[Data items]
_ _ _ _
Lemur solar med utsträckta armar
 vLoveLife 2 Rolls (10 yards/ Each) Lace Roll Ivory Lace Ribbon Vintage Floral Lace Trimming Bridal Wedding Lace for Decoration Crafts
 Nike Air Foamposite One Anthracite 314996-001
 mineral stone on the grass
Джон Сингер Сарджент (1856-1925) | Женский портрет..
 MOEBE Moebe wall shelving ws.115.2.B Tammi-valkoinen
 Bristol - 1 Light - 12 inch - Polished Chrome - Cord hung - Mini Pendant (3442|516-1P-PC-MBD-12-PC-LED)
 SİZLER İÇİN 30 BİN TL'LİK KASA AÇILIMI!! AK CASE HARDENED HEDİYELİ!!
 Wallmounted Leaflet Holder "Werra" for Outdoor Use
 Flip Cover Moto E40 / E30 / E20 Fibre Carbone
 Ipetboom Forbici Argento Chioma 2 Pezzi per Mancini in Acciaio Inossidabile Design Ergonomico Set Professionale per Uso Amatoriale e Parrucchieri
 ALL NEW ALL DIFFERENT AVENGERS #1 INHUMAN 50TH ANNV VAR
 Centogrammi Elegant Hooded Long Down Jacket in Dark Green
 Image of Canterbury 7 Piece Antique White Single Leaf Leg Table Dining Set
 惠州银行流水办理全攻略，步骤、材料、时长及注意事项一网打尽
_ _ _ _
◆ Task objective
Each record above needs to be transcribed word for word.

◆ Answer to this task
Lemur solar med utsträckta armar
 vLoveLife 2 Rolls (10 yards/ Each) Lace Roll Ivory Lace Ribbon Vintage Floral Lace Trimming Bridal Wedding Lace for Decoration Crafts
 Nike Air Foamposite One Anthracite 314996-001
 mineral stone on the grass
Джон Сингер Сарджент (1856-1925) | Женский портрет..
 MOEBE Moebe wall shelving ws.115.2.B Tammi-valkoinen
 Bristol - 1 Light - 12 inch - Polished Chrome - Cord hung - Mini Pendant (3442|516-1P-PC-MBD-12-PC-LED)
 SİZLER İÇİN 30 BİN TL'LİK KASA AÇILIMI!! AK CASE HARDENED HEDİYELİ!!
 Wallmounted Leaflet Holder "Werra" for Outdoor Use
 Flip Cover Moto E40 / E30 / E20 Fibre Carbone
 Ipetboom Forbici Argento Chioma 2 Pezzi per Mancini in Acciaio Inossidabile Design Ergonomico Set Professionale per Uso Amatoriale e Parrucchieri
 ALL NEW ALL DIFFERENT AVENGERS #1 INHUMAN 50TH ANNV VAR
 Centogrammi Elegant Hooded Long Down Jacket in Dark Green
 Image of Canterbury 7 Piece Antique White Single Leaf Leg Table Dining Set
 惠州银行流水办理全攻略，步骤、材料、时长及注意事项一网打尽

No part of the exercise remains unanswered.